YOUR INSTRUCTIONS
What is needed is a word-for-word copy of every record below, minus the pictures.

[MATERIAL FOR THE TASK — start]

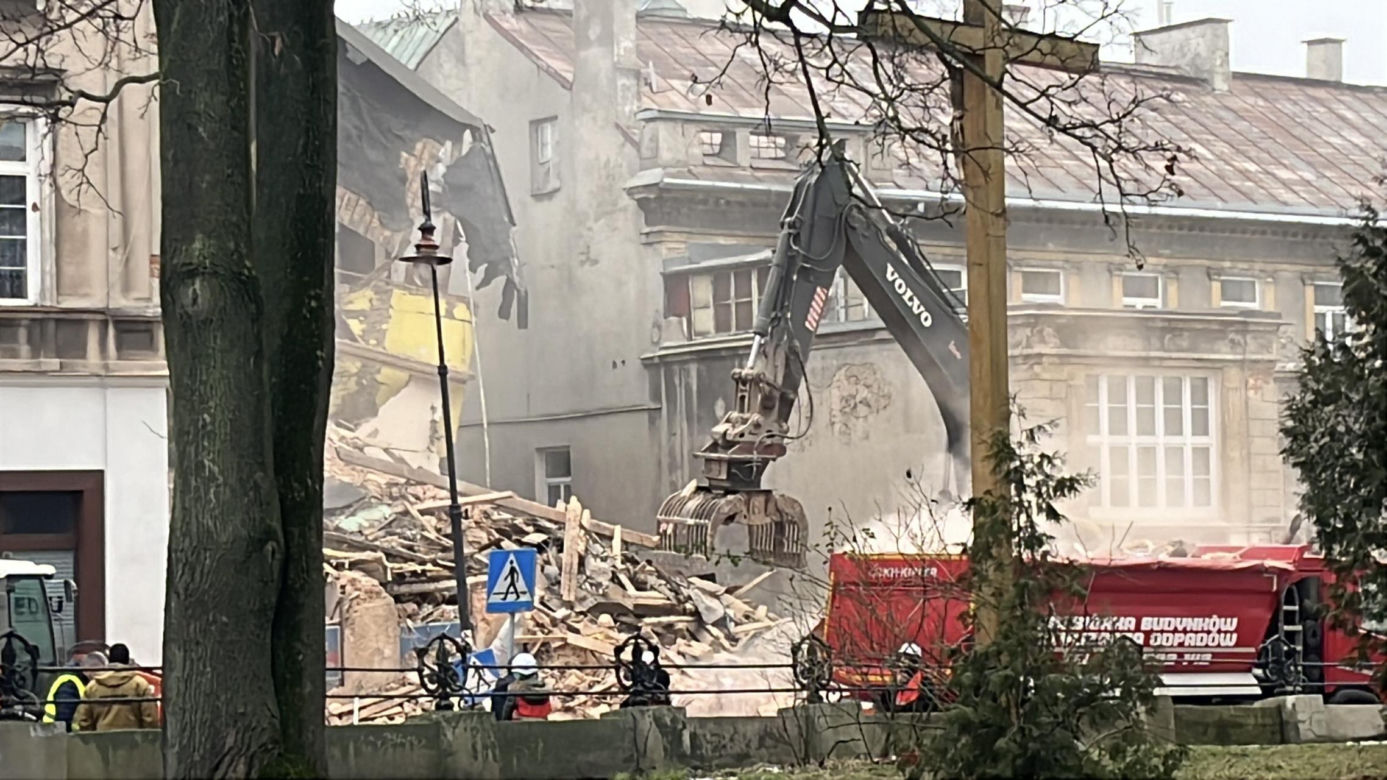 Lublin. Trwa wyburzanie kamienicy przy ul. Bernardyńskiej. Takich prac nie było tu od ponad 120 lat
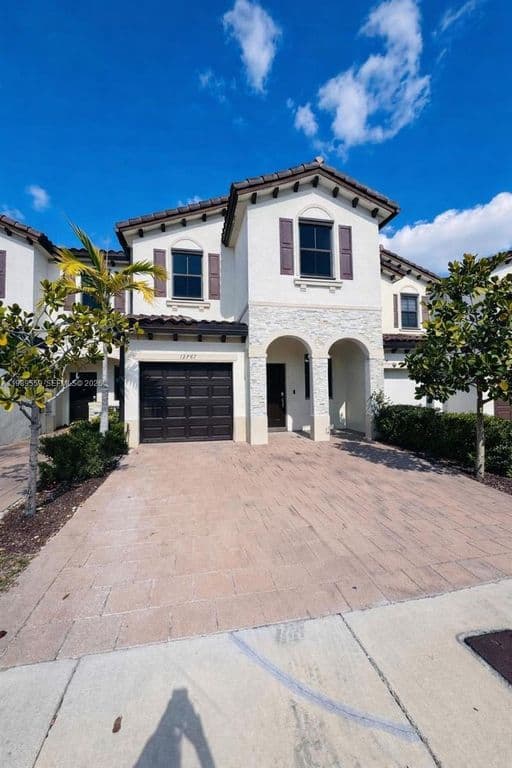 3-bedroom Property — 12767 SW 230th Ter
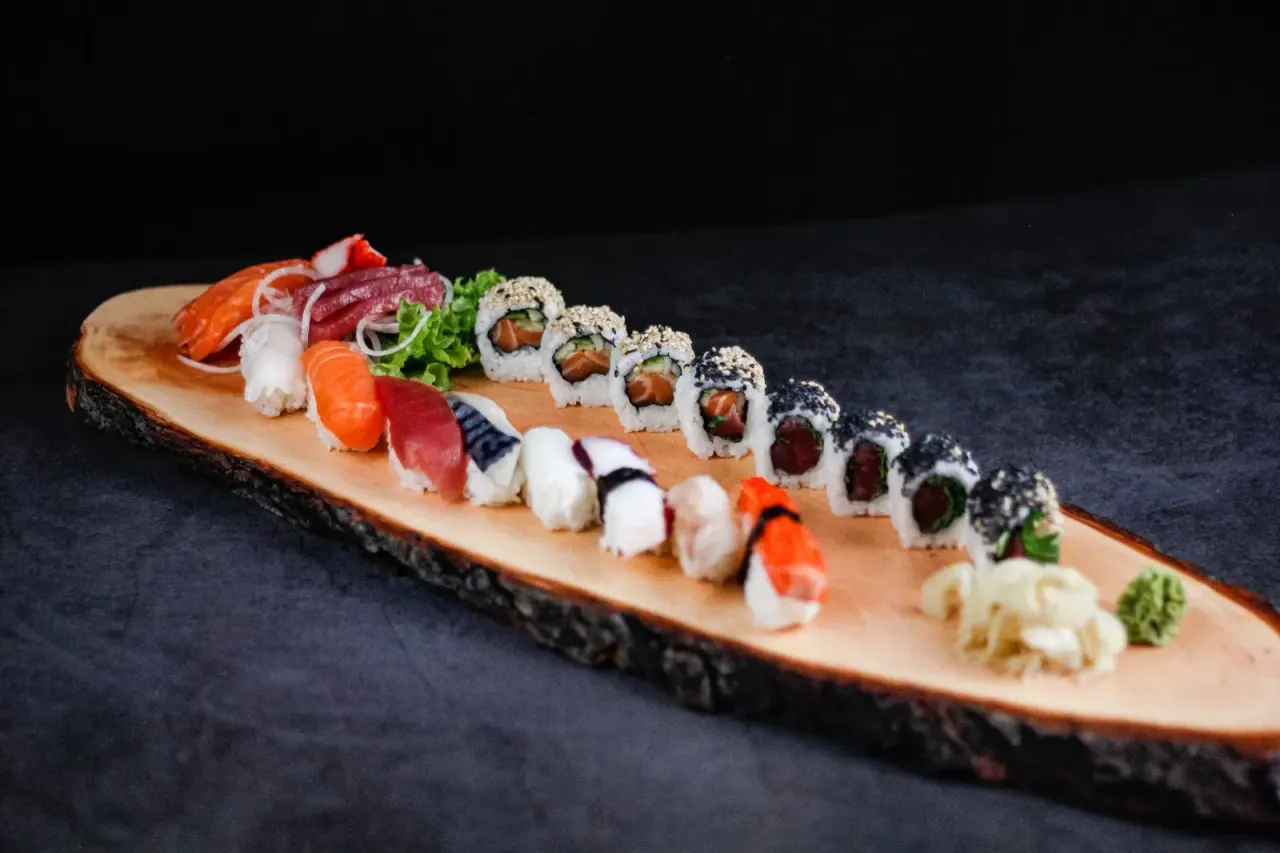 BookNoFees: Restoran – Hitomi Sushi Bar – Meschede – Hitomi Suşi Barı, fotoğraf 1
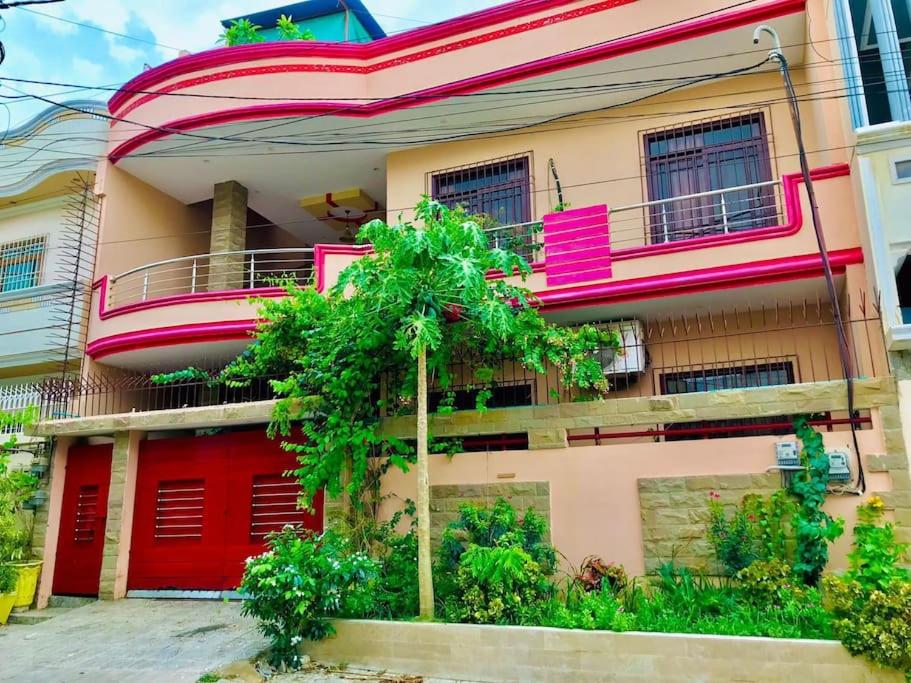 First Floor Guest House, Karáčí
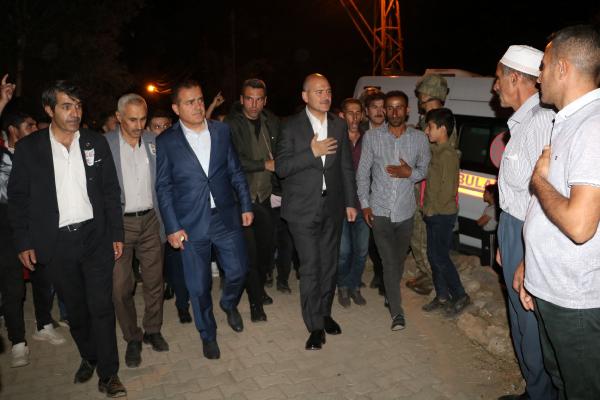 Bakan Soylu, şehit korucuların taziyelerine katıldı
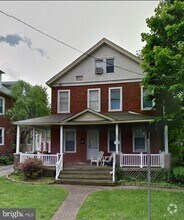 Building Photo - 227 Linwood Ave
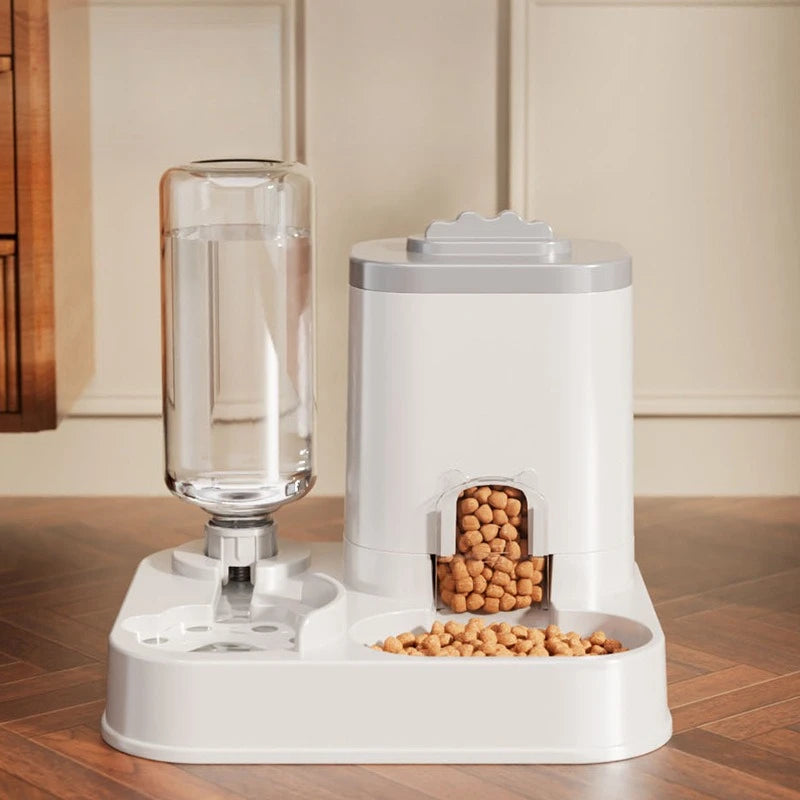 Automatische waterdispenser met geïntegreerde voerbak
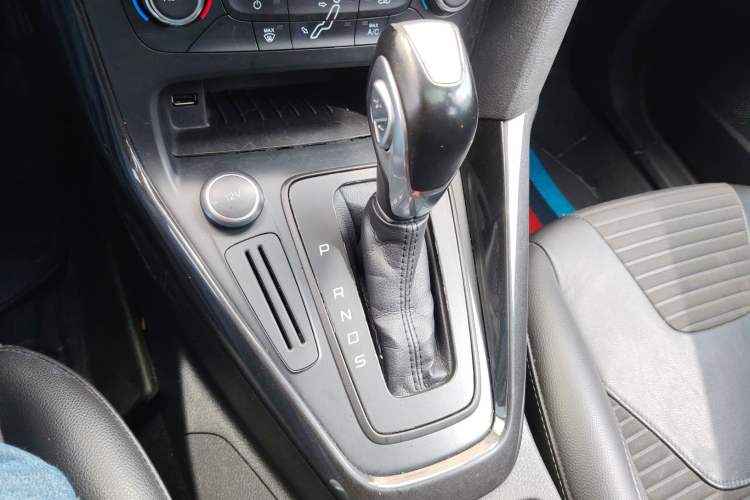 Used Ford Focus 2017 Hatchback 1.6L Automatic Fashion Edition Smart Drive Version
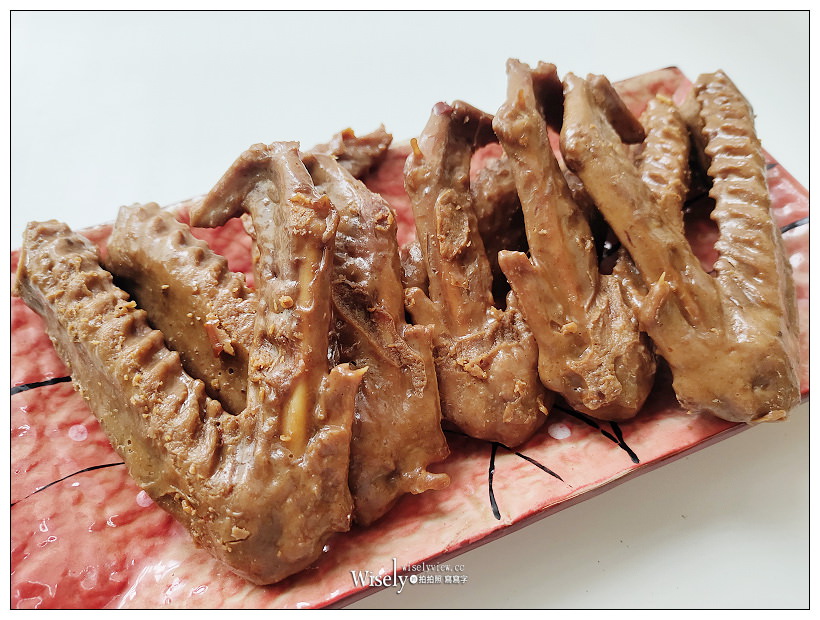 宅配美食。黑竹園雞腳凍︱員林滷味老字號名店，獨門醬汁清宮御廚秘方，老滷膠質鹹香微辣；雞胗、鴨翅、雞翅凍與滷花生也好吃～港澳遊客最愛的伴手禮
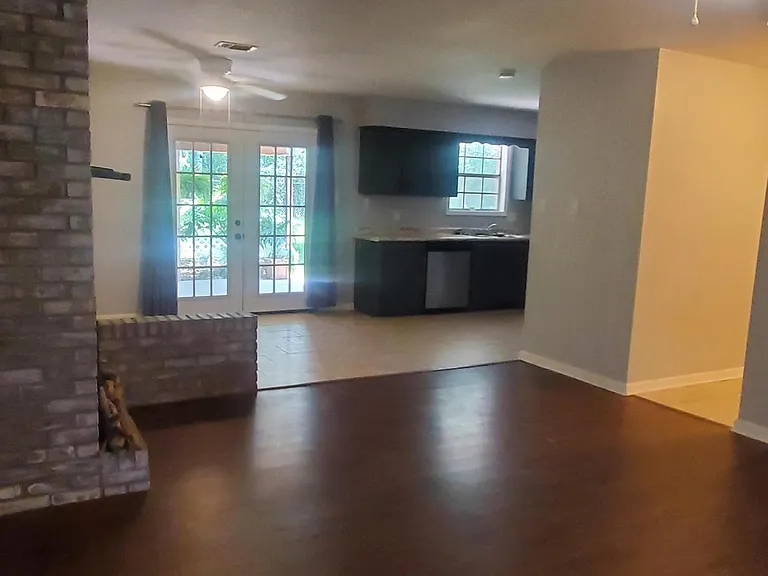 12438 Briarwood West Dr W — Photo 4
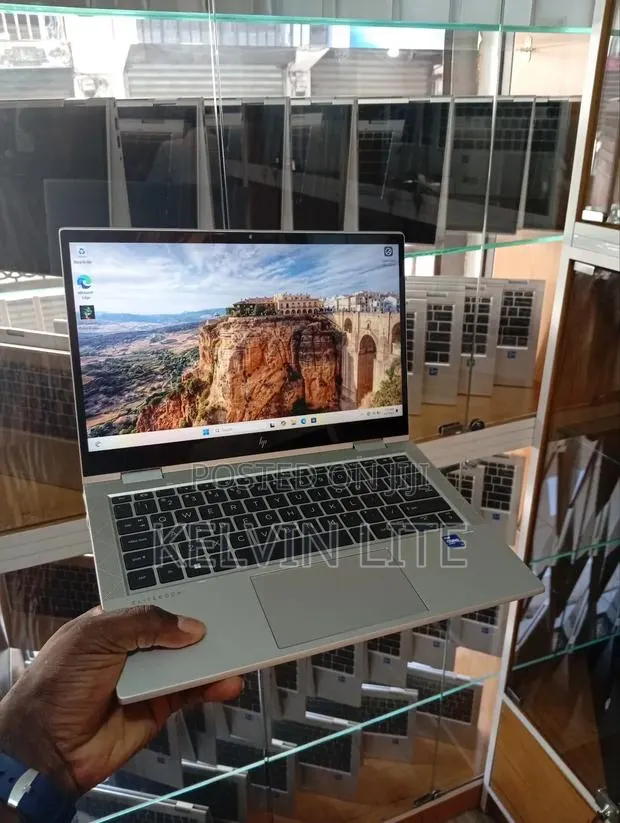 Laptop HP EliteBook 830 G8 32GB Intel Core i7 SSD 512GB · Photo 1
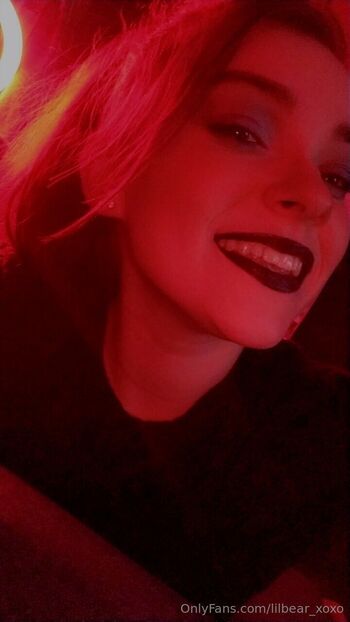 B ä L ê Y (Buggaboo / lilbear_xoxo nude photo #36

[MATERIAL FOR THE TASK — finish]

ANSWER SECTION
 Lublin. Trwa wyburzanie kamienicy przy ul. Bernardyńskiej. Takich prac nie było tu od ponad 120 lat
 3-bedroom Property — 12767 SW 230th Ter
 BookNoFees: Restoran – Hitomi Sushi Bar – Meschede – Hitomi Suşi Barı, fotoğraf 1
 First Floor Guest House, Karáčí
 Bakan Soylu, şehit korucuların taziyelerine katıldı
 Building Photo - 227 Linwood Ave
 Automatische waterdispenser met geïntegreerde voerbak
 Used Ford Focus 2017 Hatchback 1.6L Automatic Fashion Edition Smart Drive Version
 宅配美食。黑竹園雞腳凍︱員林滷味老字號名店，獨門醬汁清宮御廚秘方，老滷膠質鹹香微辣；雞胗、鴨翅、雞翅凍與滷花生也好吃～港澳遊客最愛的伴手禮
 12438 Briarwood West Dr W — Photo 4
 Laptop HP EliteBook 830 G8 32GB Intel Core i7 SSD 512GB · Photo 1
 B ä L ê Y (Buggaboo / lilbear_xoxo nude photo #36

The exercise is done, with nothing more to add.